Envelope sacks or “plachten”, woven from hemp threads
are put to utilitarian domestic uses without further treatment.
Linen woven from strands of flax roving is naturally grey or yellow.
A brighter white is required for table and bed linens, as well as
underwear and towels. Whitened linen roving undergoes a bleaching
process for several days. Neither money nor bleaching chemicals
were needed for the bleaching process: water and sunshine were used
to obtain the desired white hue. Linen roving was spread on a flat
grass lawn for solar-bleaching: fibers were moistened with water
and exposed to sunshine, until achieving the brightest white.
The labor demands for “scutching”, “hackling”,
and “spinning” roving were accomplished through a neighborly
work-gathering with social festivity.
The weaving of woolen textiles, especially the woven wool blanket
(wolldecke) “kindsplacht” in various bright colors (bunte),
either in vertical stripes (gestrifte) or plaid (kariete), is culturally
recognized as Bessarabian-German folk-art. The vibrantly colored
“kindsplacht” provide a distinctive visual image, because
infants were envelope-wrapped into a folded pouch-sling, which then
were carried over the shoulder by their mothers whenever having
gardening or household tasks outdoors or during a pleasure stroll.
The size of “kindsplacht” was 90cm to 100cm width and
2m to 2.2m in length.
[Often referred as “Paradies-Decken” or “Kanapee-Schal”]
These vividly colored woolen “plachten” found various
uses in a domestic household and provided extra protection from
winter cold. Also, the suspended-spring seats on buggies were festively
covered with them when visiting a neighboring village. Commonly
the seating areas of “kanapees”/day beds and “truhen”/trunk-chests
were festively covered with them. [For further warmth, these afgan-type
shawls comforted both the elderly and the sick.]
[Known as “Bodenteppe”, these woolen floor coverings
mimic-sported the identical colored stripes of the kanapee-schal.]
Related in pattern, but different as thick-slubbed weft, were the
“Bodenplachten” or “Lumpenplachten”. They
were the “Persian rugs” (Perserteppiche) of the Bessarabian-Germans.
This rag-rug (teppichen) was woven of slubbed open-weft, using chain
strips of woolen or cotton rags.

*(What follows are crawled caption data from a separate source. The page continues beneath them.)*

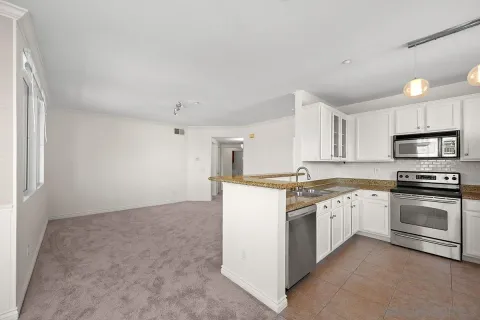 a kitchen with stainless steel appliances granite countertop a stove and a sink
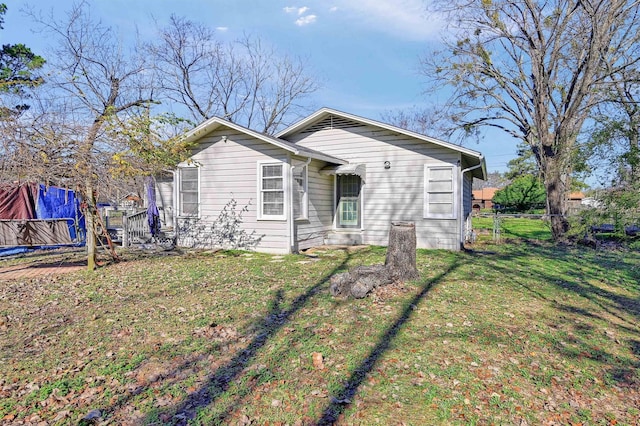 view of front of house featuring a trampoline and a front lawn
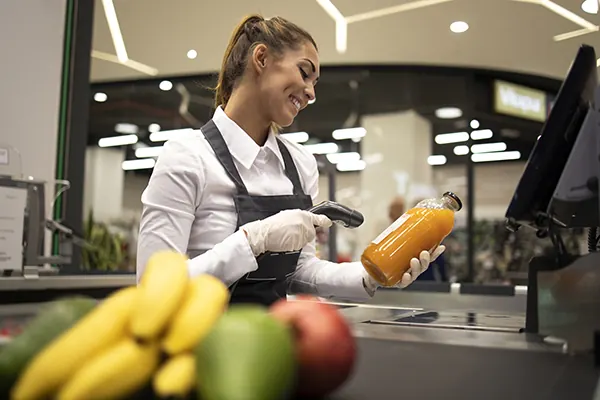 Operadora passando um produto no leitor, na esteira do caixa.
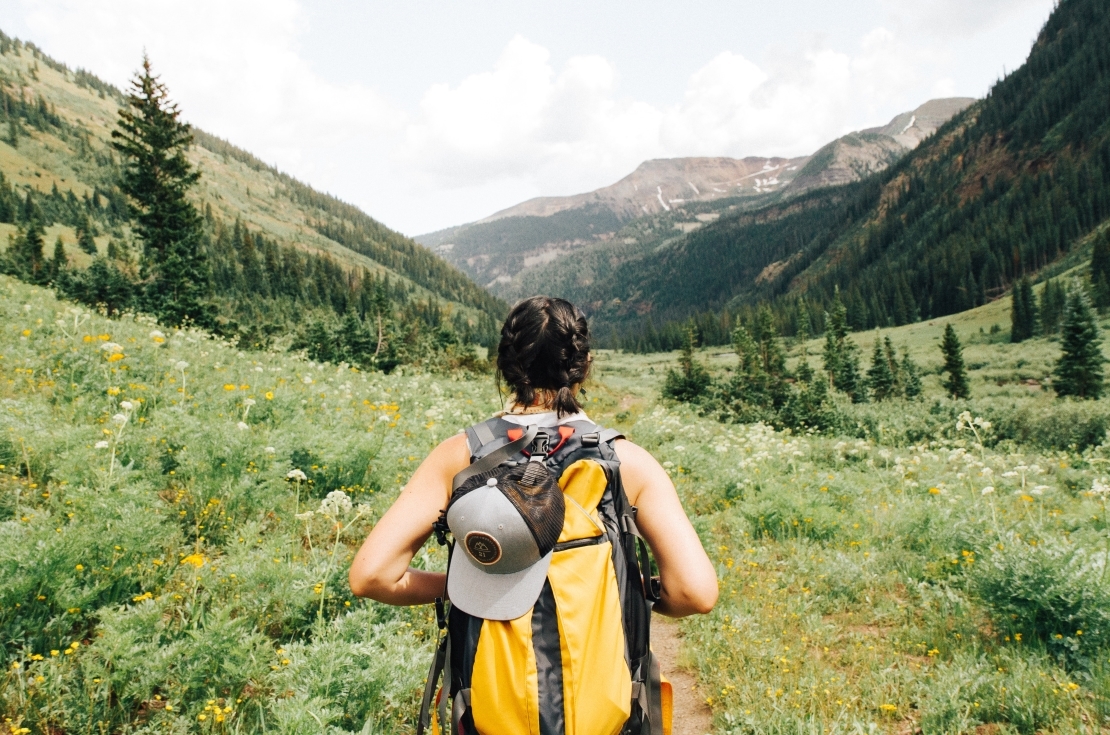 Woman hiking in the mountain with a yellow backpack.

They were 60cm to 160cm wide and
2m to 8m long.
A weaving-triumph specialty in using six-and-eight-heddle counter-marche
looms: were the interlocked two-layers of double-weave “wollen
tuch”/fringed woolen blanket (which was felted, knapped, and
blocked into a dense fabric). [Since the women’s dress conventions
of that century included neither additional protection of men’s
pants (“bloomers” were very yet unknown before 1890)

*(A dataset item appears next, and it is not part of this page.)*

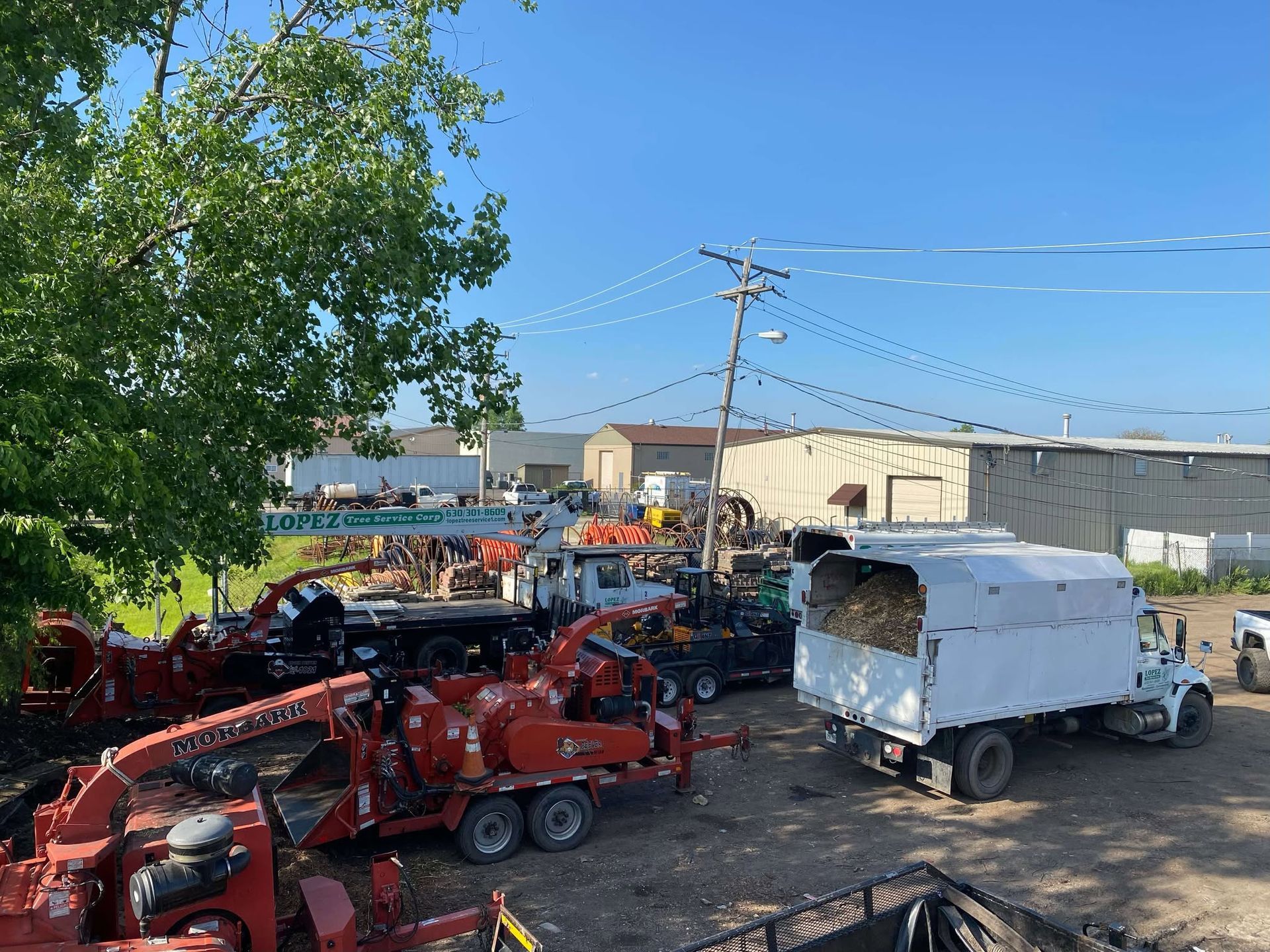 A yard filled with various wood chippers, a truck with wood chips, and industrial buildings under a blue sky.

nor men’s “pelz-mantel”/winter sheep fleece coats
for maximum warmth.] Women merely draped layers of clothing: commonly
draping around their shoulders these extra-heavy felted double-weave
shawl-blankets with long twisted fringes. With distinctive 30cm
border-patterns of either plaid or jacquard patterns (plus double-back
twisted woolen fringes), these heavy mantels served as “kindsplacht”
during frigid winters. They had a square shape, rather than rectangular
shape, with 22cm long double back-twisted fringes. [A similar textile
comparison is the extra heavy Pendelton woolen blankets.]
In later years [circa 1900-1920], these blankets were purchased
in dry-goods merchantiles. After 1914, all of these distinctive
hand-crafted textiles were no longer produced within the domestic
household, soon becoming an extinct folk tradition.